One of the practical application in cellular manufacturing systems is the cell formation problem (CFP). Its main idea is to group machines into cells and parts into part families in a way that the number of exceptional elements and the number of voids are minimized. In literature, it is proved that p-median is an efficient mathematical programming model for solving CF problems.

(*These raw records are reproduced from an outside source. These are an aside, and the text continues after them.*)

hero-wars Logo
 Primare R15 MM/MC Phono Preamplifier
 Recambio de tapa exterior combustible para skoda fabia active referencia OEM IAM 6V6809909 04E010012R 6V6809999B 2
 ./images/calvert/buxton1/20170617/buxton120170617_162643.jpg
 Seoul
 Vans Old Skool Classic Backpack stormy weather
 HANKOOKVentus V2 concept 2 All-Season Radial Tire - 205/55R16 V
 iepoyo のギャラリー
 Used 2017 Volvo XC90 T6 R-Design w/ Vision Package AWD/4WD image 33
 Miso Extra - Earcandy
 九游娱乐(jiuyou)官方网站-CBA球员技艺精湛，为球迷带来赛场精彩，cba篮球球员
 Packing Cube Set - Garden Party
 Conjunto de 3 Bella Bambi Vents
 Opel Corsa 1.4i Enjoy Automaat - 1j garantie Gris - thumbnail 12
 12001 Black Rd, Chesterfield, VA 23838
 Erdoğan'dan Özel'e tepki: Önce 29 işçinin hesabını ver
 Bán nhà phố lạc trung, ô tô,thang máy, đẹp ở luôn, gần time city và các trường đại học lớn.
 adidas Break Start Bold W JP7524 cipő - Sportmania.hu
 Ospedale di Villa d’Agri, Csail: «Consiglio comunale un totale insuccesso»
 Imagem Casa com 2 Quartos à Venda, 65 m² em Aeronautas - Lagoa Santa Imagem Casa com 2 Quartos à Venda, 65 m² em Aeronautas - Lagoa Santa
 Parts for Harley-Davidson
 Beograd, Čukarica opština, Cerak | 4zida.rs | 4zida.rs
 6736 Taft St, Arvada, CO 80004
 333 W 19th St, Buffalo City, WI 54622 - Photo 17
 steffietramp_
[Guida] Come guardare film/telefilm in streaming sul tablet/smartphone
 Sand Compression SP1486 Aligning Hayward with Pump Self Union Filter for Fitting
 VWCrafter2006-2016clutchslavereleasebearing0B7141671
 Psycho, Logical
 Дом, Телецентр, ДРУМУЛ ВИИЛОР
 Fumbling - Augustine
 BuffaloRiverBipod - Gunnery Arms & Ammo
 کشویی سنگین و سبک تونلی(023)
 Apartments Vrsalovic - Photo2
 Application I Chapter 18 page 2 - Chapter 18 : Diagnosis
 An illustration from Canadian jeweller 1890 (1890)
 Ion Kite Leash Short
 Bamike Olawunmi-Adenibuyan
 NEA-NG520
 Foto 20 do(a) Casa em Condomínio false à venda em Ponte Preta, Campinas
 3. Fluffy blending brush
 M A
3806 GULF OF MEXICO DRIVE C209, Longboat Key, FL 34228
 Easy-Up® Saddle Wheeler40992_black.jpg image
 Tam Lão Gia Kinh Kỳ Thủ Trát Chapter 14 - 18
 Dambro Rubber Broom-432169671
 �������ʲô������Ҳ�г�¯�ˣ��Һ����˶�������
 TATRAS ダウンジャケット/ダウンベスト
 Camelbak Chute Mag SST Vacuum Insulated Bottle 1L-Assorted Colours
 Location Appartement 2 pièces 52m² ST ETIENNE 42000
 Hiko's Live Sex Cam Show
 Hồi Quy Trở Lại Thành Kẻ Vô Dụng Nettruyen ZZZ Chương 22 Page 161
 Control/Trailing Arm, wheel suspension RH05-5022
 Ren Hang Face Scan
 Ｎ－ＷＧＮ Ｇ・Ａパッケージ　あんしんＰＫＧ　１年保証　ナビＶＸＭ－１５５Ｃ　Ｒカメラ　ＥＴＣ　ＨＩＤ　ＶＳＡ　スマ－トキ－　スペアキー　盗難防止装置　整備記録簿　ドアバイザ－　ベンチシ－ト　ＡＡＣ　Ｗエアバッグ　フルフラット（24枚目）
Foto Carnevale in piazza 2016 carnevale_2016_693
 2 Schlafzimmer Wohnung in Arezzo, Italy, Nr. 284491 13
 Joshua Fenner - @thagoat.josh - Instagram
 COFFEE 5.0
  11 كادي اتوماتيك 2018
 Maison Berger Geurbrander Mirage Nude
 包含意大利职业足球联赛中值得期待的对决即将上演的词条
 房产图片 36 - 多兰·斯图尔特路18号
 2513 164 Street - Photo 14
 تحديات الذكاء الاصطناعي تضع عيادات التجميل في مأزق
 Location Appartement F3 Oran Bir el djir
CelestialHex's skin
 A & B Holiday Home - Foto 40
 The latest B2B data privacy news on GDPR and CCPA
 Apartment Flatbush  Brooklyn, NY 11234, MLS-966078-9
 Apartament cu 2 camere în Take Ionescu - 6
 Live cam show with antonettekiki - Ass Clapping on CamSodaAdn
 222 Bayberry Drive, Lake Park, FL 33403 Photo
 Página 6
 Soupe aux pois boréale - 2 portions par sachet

In the present work, we develop a modified p-median based model dedicated to solve CFP respecting the objective of minimizing the sum of dissimilarities of machines. For this aim, we applied a General Variable Neighborhood Search algorithm and we collaborated it with an Estimation of Distribution Algorithm maximizing the group capability index and the grouping efficacy evaluation criteria. Thirty CF problems are taken from the literature and tested by our proposed algorithm and the experimental study demonstrated that the proposed method guided by p-median model provides high quality cells in speed running times and beats other state-of-the-art algorithms particularly for CF instances with large sizes.

细胞制造系统中的实际应用之一是细胞形成问题（CFP）。它的主要思想是将机器分组为单元，将零件分组为零件族，以最大程度地减少特殊元素的数量和空隙的数量。在文献中，已证明p中值是解决CF问题的有效数学编程模型。在当前的工作中，我们开发了一种基于修正的基于p中值的模型，该模型致力于解决CFP方面的问题，其目标是最大程度地减少机器差异的总和。为此，我们应用了通用变量邻域搜索算法，并将其与最大化组能力指标和分组效能评估标准的分布估计算法配合使用。